Having spent twenty years launching online courses in higher education, I don't envy anyone starting an online business, but you can certainly build on the work that has been done and have an easier time of it.

Checking Accesibility

designLast week, I wrote about a ruling against a university by the Department of Justice for not making its free content online fully accessible. I thought that today I should share some resources you can use to evaluate web materials for accessibility.
You might maintain web pages, including things like blogs and online course materials, and if you're not concerned about making sure they’re accessible for everyone, including people with disabilities, you should.
One easy to use accessibility-checking tool is a browser-based one called the WAVE Accessibility Extension. It is available for Firefox and for Chrome at WAVE Chrome Extension. There is also a WAVE Help site.
The ProfHacker blog has done some interesting posts on accessibility topics, from general ones like User-Friendly Advice for Accessible Web Design and How to Evaluate Your Web Pages for Accessibility to one that I think is a good test to try out with students if you're discussing this topic - To Test for Accessibility, Try Navigating Without Your Mouse.   

Why Create and Use Open Educational Resources?

open textbooksI'm currently working on redesigning courses to use only Open Educational Resources (OER).
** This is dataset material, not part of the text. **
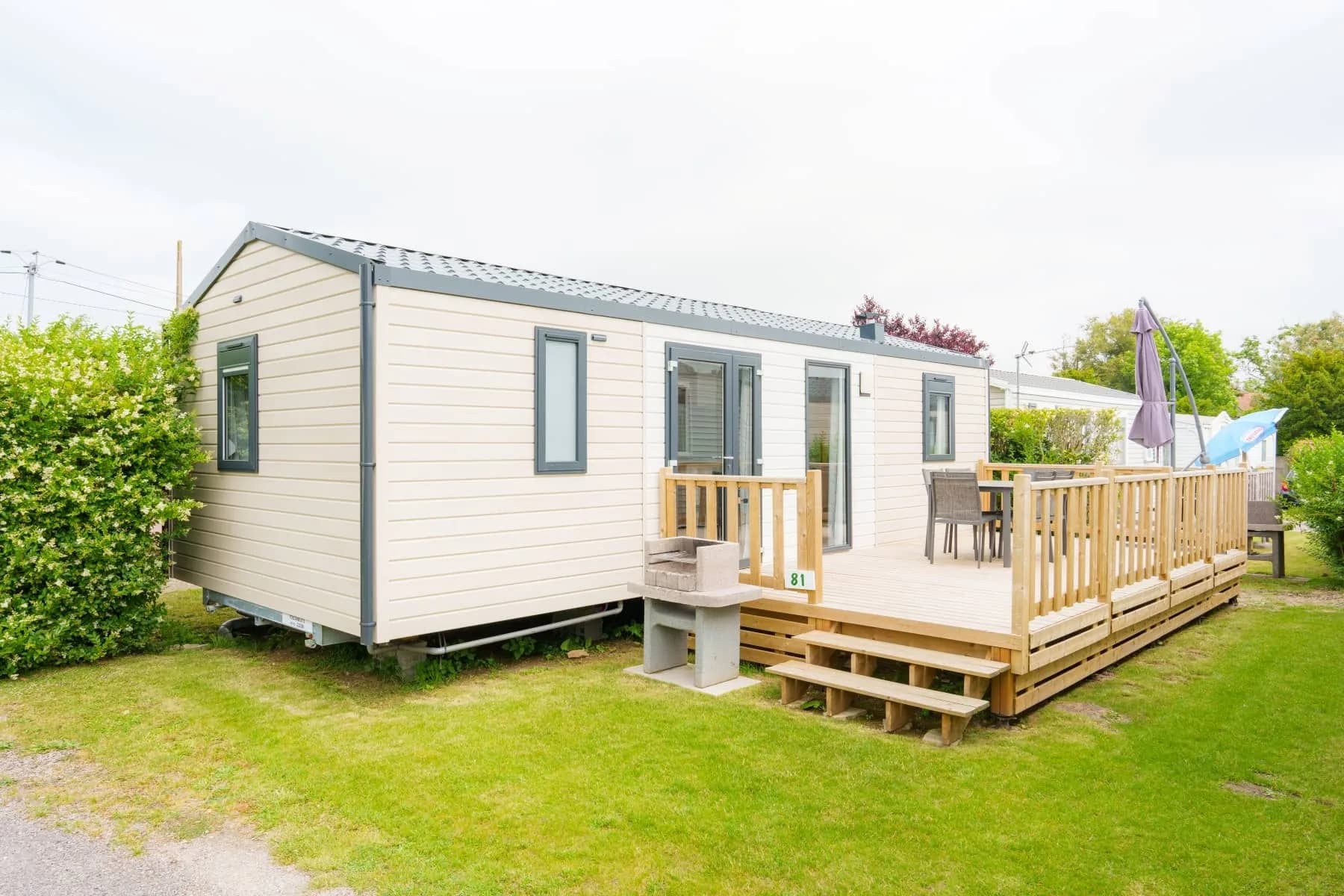 Emplacement pour tentes et caravanes au Camping Pomme de Pin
Ever since I have worked in higher ed, whenever I have discussed open resources that are offered for free some faculty will always ask "Why do people create these things for no money?"
Most of us do our work and create our "intellectual property" (some of which is called that isn't really IP) in order to make money, and in academia to gain promotion and tenure too.
Some of the main motivations for creating OER are the same as the reasons for using OER. In my current project at a community college, we are trying to create course that save students money. Ideally, the course has no cost after students pay their tuition. The biggest cost is almost always textbooks, so using free, open textbooks is important.
I feel that too much course design is based on the textbook used, so OER redesign offers an opportunity for real course redesign. 
On the pedagogical side, open textbooks solve the problem of students simply not buying the book and trying to get by without it. I taught in secondary school for years and all the textbooks were free and I will always say that a free book does not solve the problem of students who do not read the books.
We also know through many studies that students who are strapped for money often choose courses when possible based on low or no cost for textbooks.
Students get annoyed when a professor only uses a small part of the textbook. Using open textbooks allows us to select the sections that we really want to use. Many OER courses use portions of several texts - a few chapters from one and a few from another.
If you not totally happy with the content in an truly open textbook, you can edit it yourself. You can add your own content, add your own images. Of course, in most cases those edits also have to be made open to others to use. I think of an open textbook as a starting point.
Which brings us to the point that creating an OER course takes work. Finding resources is very time-consuming. Editing them is work. If you do it, you do it for your students, for education and for a love of learning that you want to share with the world.
OER creators don't usually make money from their efforts, although there are platforms that offer resources in printed formats for a price. But creators can get recognition and exposure for their efforts and that can sometimes help in the job-hunting and promotion and tenure processes.